(Records from a collection)
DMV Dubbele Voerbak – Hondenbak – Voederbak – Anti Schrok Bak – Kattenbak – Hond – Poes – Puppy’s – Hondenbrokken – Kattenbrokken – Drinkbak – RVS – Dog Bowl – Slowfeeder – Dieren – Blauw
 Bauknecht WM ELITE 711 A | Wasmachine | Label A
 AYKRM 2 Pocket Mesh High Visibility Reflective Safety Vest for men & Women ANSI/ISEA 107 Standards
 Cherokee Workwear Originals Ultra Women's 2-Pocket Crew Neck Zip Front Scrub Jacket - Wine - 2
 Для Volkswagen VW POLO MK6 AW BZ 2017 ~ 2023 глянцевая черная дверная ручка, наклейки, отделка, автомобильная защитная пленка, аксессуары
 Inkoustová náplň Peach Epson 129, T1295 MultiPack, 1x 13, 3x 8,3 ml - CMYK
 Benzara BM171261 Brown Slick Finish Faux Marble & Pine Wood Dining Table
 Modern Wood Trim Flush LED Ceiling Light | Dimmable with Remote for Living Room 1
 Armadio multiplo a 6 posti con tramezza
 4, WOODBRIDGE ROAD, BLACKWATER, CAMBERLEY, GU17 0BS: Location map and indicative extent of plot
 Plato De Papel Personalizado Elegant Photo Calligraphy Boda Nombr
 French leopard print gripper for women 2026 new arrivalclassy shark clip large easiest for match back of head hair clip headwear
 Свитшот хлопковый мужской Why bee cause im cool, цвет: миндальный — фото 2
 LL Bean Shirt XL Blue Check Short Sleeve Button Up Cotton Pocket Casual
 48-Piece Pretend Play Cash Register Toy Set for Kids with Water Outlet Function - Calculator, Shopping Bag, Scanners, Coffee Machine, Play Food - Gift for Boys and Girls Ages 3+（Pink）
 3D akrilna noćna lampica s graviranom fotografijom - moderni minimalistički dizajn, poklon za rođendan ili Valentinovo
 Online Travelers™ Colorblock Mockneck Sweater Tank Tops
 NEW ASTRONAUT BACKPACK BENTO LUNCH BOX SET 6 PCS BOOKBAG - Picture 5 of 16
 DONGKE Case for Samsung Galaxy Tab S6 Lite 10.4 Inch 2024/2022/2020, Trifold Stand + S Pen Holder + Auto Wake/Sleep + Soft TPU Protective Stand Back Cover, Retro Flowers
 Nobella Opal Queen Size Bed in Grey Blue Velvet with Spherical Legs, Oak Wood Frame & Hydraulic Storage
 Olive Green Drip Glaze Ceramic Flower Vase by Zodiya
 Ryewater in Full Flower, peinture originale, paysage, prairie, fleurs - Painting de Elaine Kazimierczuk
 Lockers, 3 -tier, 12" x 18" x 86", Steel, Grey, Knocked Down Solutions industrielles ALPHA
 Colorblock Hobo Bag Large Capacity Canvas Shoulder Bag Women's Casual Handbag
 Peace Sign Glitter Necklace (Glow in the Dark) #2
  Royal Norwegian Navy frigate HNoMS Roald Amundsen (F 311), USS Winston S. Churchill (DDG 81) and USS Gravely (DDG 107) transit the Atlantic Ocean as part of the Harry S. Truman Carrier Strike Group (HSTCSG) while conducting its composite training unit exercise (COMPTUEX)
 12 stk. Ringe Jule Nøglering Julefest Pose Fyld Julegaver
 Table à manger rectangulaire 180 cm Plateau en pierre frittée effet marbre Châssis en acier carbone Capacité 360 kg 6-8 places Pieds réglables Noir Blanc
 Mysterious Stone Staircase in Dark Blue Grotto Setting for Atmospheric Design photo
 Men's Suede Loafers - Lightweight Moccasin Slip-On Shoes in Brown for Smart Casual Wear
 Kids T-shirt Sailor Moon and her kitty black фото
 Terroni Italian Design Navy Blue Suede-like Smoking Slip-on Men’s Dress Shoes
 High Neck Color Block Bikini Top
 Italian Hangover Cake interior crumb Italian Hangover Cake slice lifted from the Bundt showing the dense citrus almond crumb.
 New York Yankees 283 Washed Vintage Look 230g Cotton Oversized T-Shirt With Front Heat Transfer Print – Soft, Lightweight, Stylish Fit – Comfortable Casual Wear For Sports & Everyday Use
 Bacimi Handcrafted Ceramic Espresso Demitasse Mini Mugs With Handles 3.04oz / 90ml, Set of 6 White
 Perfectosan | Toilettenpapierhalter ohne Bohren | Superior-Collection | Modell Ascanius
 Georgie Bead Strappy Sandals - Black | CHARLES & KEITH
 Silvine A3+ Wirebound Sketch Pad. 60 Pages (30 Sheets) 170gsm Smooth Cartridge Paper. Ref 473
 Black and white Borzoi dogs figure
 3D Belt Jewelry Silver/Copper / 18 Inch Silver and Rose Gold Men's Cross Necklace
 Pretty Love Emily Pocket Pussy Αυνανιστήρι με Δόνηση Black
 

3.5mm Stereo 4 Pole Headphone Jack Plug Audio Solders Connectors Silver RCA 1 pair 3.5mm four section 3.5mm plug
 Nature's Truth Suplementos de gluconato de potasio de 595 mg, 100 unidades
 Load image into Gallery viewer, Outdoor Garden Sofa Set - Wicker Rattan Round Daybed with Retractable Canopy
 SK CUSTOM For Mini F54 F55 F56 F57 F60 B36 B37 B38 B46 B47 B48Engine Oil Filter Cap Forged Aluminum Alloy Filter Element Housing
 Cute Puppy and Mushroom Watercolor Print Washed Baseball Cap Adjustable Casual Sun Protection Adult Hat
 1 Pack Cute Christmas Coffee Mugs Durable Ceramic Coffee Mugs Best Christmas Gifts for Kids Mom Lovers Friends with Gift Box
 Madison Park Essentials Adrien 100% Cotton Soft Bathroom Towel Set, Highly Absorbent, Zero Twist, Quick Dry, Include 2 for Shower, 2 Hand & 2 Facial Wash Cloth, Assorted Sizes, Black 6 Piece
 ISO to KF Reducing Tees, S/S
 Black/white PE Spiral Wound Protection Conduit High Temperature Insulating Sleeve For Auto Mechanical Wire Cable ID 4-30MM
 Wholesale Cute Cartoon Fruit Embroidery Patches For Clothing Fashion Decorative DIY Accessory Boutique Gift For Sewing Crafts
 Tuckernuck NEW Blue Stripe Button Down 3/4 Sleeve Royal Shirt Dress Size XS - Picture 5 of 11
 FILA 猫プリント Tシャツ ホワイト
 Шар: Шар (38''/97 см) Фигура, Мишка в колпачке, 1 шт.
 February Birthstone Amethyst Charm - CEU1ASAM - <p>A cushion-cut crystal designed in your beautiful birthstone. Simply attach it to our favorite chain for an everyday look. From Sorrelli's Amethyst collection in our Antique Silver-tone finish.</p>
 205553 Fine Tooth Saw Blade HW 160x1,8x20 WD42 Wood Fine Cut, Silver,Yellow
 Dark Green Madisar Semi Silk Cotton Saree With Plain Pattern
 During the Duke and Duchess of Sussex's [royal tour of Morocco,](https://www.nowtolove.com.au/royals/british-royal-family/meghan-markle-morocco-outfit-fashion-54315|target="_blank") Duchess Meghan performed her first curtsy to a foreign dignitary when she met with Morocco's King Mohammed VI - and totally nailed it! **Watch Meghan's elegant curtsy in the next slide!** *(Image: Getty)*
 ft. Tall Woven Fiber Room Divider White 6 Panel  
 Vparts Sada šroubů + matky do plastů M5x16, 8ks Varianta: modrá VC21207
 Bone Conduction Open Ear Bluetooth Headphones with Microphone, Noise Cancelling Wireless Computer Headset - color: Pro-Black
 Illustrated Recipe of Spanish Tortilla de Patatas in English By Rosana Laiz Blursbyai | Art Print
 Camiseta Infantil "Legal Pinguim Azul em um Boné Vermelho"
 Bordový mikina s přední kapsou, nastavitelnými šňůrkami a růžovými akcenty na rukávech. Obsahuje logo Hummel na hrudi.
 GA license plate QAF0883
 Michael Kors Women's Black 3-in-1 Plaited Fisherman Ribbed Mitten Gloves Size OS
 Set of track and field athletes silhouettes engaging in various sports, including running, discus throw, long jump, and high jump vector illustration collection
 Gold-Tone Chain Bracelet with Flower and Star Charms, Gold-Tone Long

§ Exercise instructions
A word-for-word copy of the lines above from the one with "Solutions industrielles ALPHA" through the one with "Peace Sign Glitter", inclusive, is the only output wanted.

§ The completed task
 Lockers, 3 -tier, 12" x 18" x 86", Steel, Grey, Knocked Down Solutions industrielles ALPHA
 Colorblock Hobo Bag Large Capacity Canvas Shoulder Bag Women's Casual Handbag
 Peace Sign Glitter Necklace (Glow in the Dark) #2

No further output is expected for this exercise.